By Ryan Lingenfelter · Cutting Edge Lawn & Landscaping, Garson, Ontario · June 2026
Most of what I talk about in lawn care is about the grass itself — what it needs to grow, how to manage it through Sudbury summers, what goes wrong when the basics aren’t right. But there’s a landscaping principle I bring up on almost every quote visit that has nothing to do with grass health. It has to do with foundation health.
It’s called the 12-inch rule, and most homeowners in Greater Sudbury have never heard of it. A significant number of them are violating it right now without knowing it. And the consequences of violating it over time aren’t a lawn problem — they’re a structural problem that can cost significantly more to address than anything I talk about in the rest of this site.
Here’s what it is, why it matters in this specific climate, and what to do if your property isn’t compliant.
What the 12-inch rule actually is — and where it comes from

The 12-inch rule refers to the clearance that should exist between the finished grade of your lawn or garden beds and the top of your foundation wall — specifically, the point where the foundation transitions from below-grade to above-grade.
In simple terms: when you stand at the edge of your house and look down at the ground where it meets the foundation, there should be at least 12 inches of visible foundation wall above the soil or mulch level. The soil, grass, and any landscaping material should not be within 12 inches of where your siding or structure begins.
The rule comes from building science — specifically from the principle that wood-framed structures, siding materials, and the moisture-sensitive components of a typical Canadian residential build need protection from sustained ground contact moisture. When soil or organic material like mulch sits against a foundation at or near the siding level, it creates a persistent moisture bridge between the ground and the building envelope. That moisture leads to rot, mould, and in freeze-thaw climates like Sudbury, freeze damage to framing and foundation components over time.
The 12-inch clearance provides a buffer — a zone of exposed foundation wall that allows that section to drain and dry between moisture events rather than staying perpetually damp from ground contact. Most building codes in Ontario incorporate foundation clearance requirements, and the 12-inch figure represents the practical minimum for a properly maintained site.
On a new construction this clearance is typically achieved by the builder — the finished grade is set to slope away from the foundation with the required clearance maintained. On an existing property, years of lawn maintenance, garden bed additions, mulch topdressing, and natural soil settlement can gradually close that clearance without the homeowner noticing. The foundation doesn’t change. The grade around it rises — slowly, incrementally — until one day there’s two inches of clearance instead of twelve, and the moisture bridge has been established long enough that the damage it causes is already underway.
Why this matters more in Sudbury than in most of Ontario

The foundation clearance issue exists everywhere. It matters more in Greater Sudbury for two reasons specific to this region.
The freeze-thaw cycle. Greater Sudbury’s winters are hard.
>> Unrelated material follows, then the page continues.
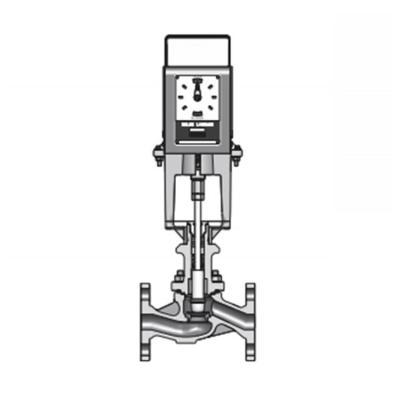 China Carbon Steel / Stainless Steel Electric Control Valve Screw Gland 12.5N.M Output Torque for sale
The ground freezes deep, stays frozen for months, and then thaws in cycles — sometimes multiple freeze-thaw events within a single late-winter or early-spring week. This freeze-thaw cycle is one of the most physically destructive forces that acts on building foundations and the soil around them. Water expands approximately nine percent when it freezes. Water that has infiltrated into the soil directly against a foundation wall, or that has been drawn into micro-cracks in the foundation material, expands during freezing and contracts during thawing. Over multiple cycles, over multiple years, this process produces progressive damage — hairline cracks that become larger cracks, small separation points that become water infiltration pathways, foundation materials that progressively weaken from mechanical stress.
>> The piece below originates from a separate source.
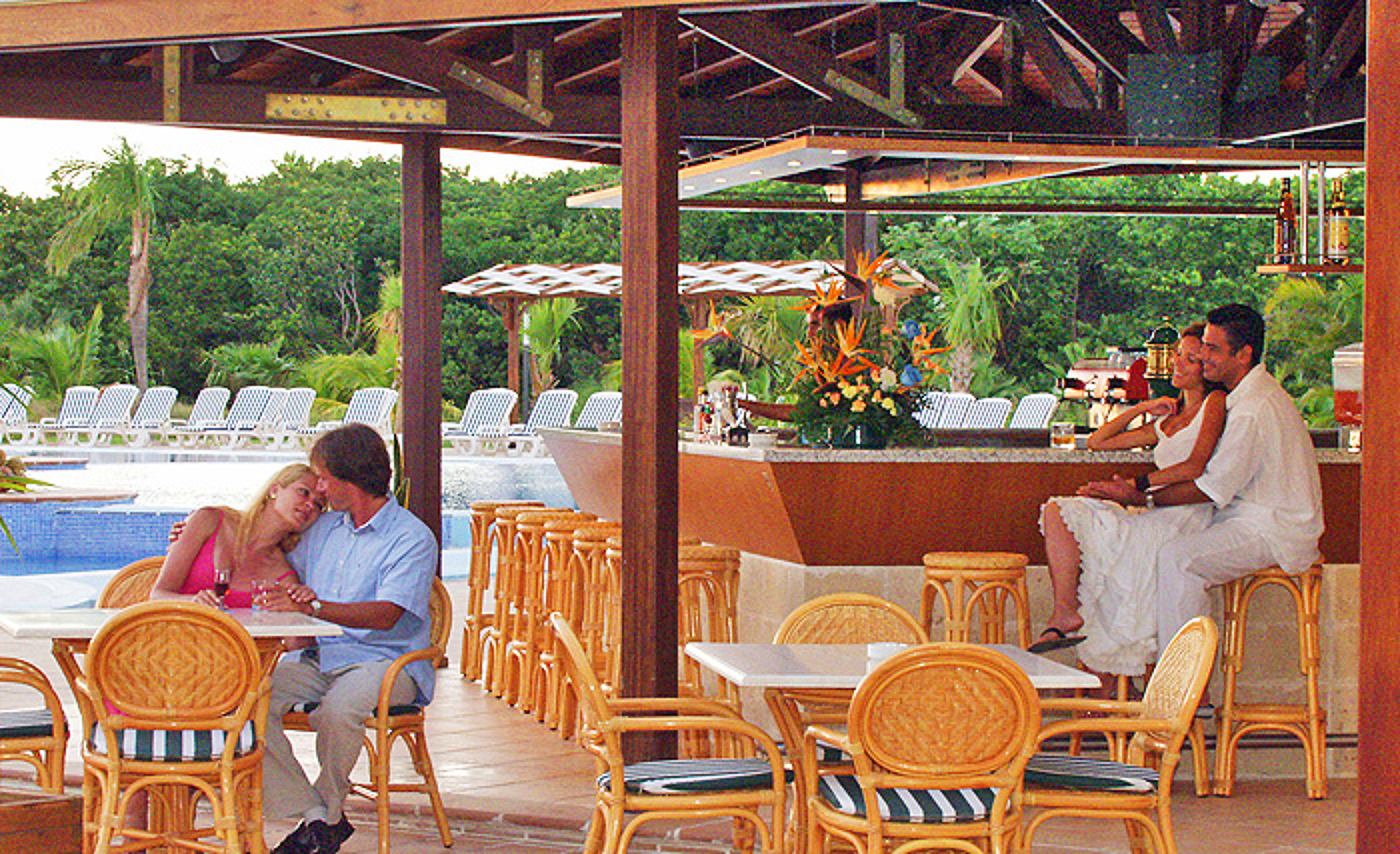 Blau Varadero 2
The moisture source for that freeze-thaw damage comes, in significant part, from the soil that’s in contact with the foundation. When the clearance is compromised — when the grade has risen to the point where soil or organic material is sitting against the foundation — the moisture from that material is the starting point for the freeze-thaw damage cycle. Maintaining clearance reduces the moisture available to that cycle.
The clay soil moisture dynamics. I’ve written about the clay-influenced soil in parts of Greater Sudbury — the way it holds water longer than lighter soils, the drainage dynamics that vary across different parts of the region. That same clay soil against a foundation holds moisture in contact with the foundation material for significantly longer than sandy soil would. A rain event that leaves clay soil wet for a week in Chelmsford or Hanmer gives that moisture a week of contact with the foundation before it drains. Sandy soil drained faster would reduce that contact time. The higher clay content of soil in significant parts of Greater Sudbury makes the foundation contact issue more persistent and more damaging than it would be in a lighter-soil region. The soil science behind these differences is covered in the article on what Sudbury soil actually looks like and why it matters — the same clay characteristics that affect lawn care also affect foundation moisture dynamics.
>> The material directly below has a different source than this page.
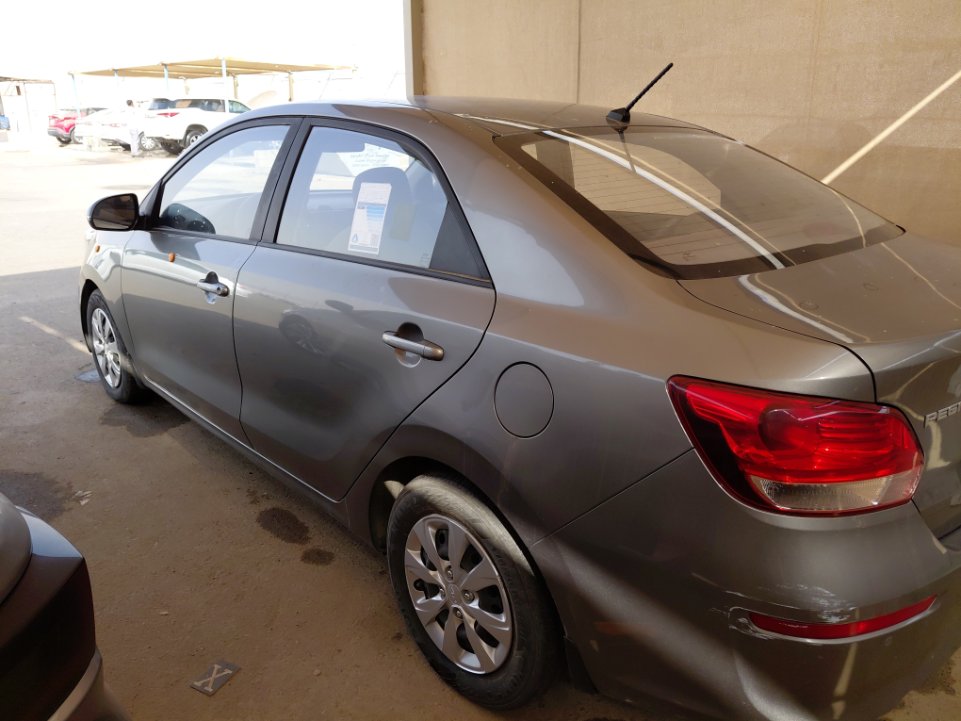 كيا بيجاس LX 2023 image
What I find when I check foundations on Sudbury properties — the honest picture

On every new property assessment I do in Greater Sudbury, I walk the full foundation perimeter as part of the check I do before accepting any new maintenance customer. What I find on the majority of properties — even well-maintained ones — is foundation clearance that has been partially or fully compromised.
The most common situation: garden beds around the foundation that have had mulch added every one or two years for a decade. Each mulch application adds an inch or two. After ten years of topdressing without removing old material, the mulch level has risen four to six inches above where it started, and the foundation clearance has been reduced by the same amount. The homeowner hasn’t done anything wrong in their intent — mulch around the foundation is standard landscaping. But the accumulation over time, without periodic removal of the old layer before adding new material, closes the clearance incrementally until it’s gone.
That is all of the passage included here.